I am very new to soap making and need to know the best places and types of powered colors to use with making my soaps using cold process method. Do you use mica's or clays? Thanks


----------



## Caprine Beings (Sep 19, 2008)

Micas, oxides, and clays. Micas are used very sparingly as they can be abrasive if too much has been added. If you use oxides, remember that blues and purples need to have Titanium dioxide added so that they do not turn gray. Clays are easy enough, but can be over used and will effect the outcome of your soaps hardness.
Tam


----------



## adillenal (Feb 6, 2009)

I love the POP micas. I also use Australian pink, red and blue clays.


----------



## MF-Alpines (Mar 29, 2010)

Wow, LaNell. I've never seen blue clay. Can I ask where you get this from?

By the way, I finally was able to get a blue using indigo. Thanks for giving me the tip on mixing with water first. At first, I thought it didn't work, but as each day goes by, it's getting bluer (vs green).


----------



## [email protected] (Sep 18, 2008)

Hi Thoma.  Glad you found us.

I ordered from www.newdirectionaromatics.com. I don't think there's not much in the Suppliers sticky above for colors. I used to order from alternasense, but I guess they're out of business...can't find a website for them anymore. LOVED their selection. If anyone knows of someplace similar??

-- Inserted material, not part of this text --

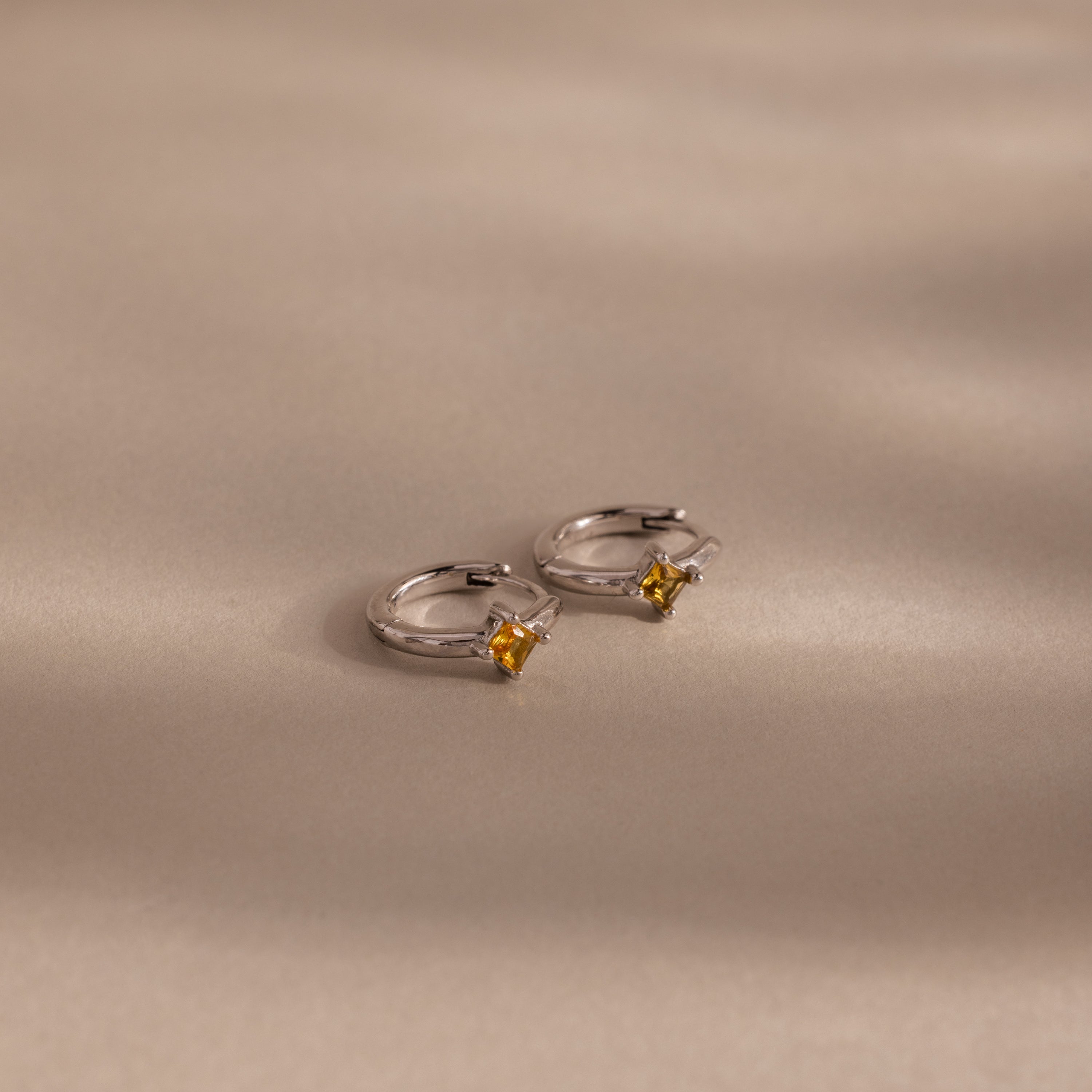 Two Athena Topaz Huggies silver hoop earrings with petite yellow topaz rest on a neutral beige surface with soft shadows—perfect for lovers of elegant birthstone jewelry.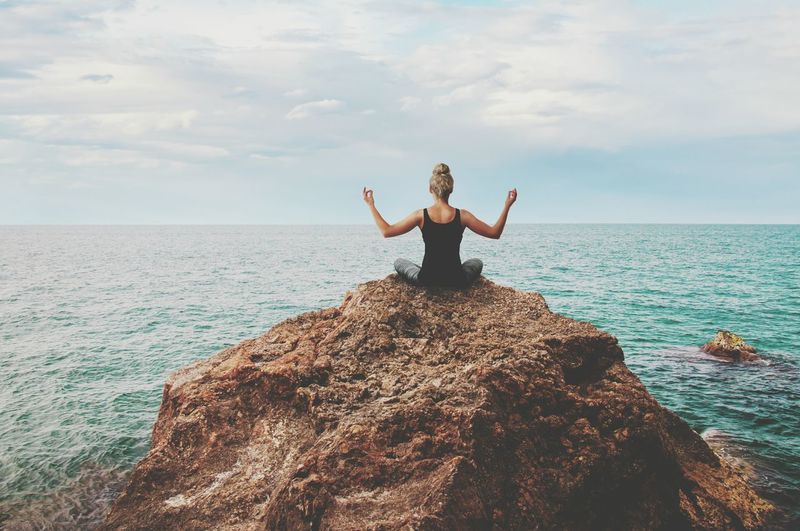Full length of woman on rock in sea against sky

Cindy, where do you get indigo? How much water? And when do you add it to the soap?


----------



## hsmomof4 (Oct 31, 2008)

I use micas (from TKB Trading...look for the soap safe ones...they have a POP Mica sampler that is nice if you want to try small amounts of a number of different colors), a number of clays (VERY sparingly on the dark colored ones, or they'll bleed), and oxides.


----------



## MF-Alpines (Mar 29, 2010)

Denise: I bought the indigo from soapmakingresource.com. I used 1/2 tsp indigo and a little water. Less than 1 oz. Probably less than 1/2 oz. It was just enough to wet and mix. I added it to 1/3 a 6 lb batch at trace.


----------



## NubianSoaps.com (Oct 26, 2007)

www.peacockdyes.com/ I love her liquid colors. I mostly use clays and micas from newdirectionsaromatics.com


----------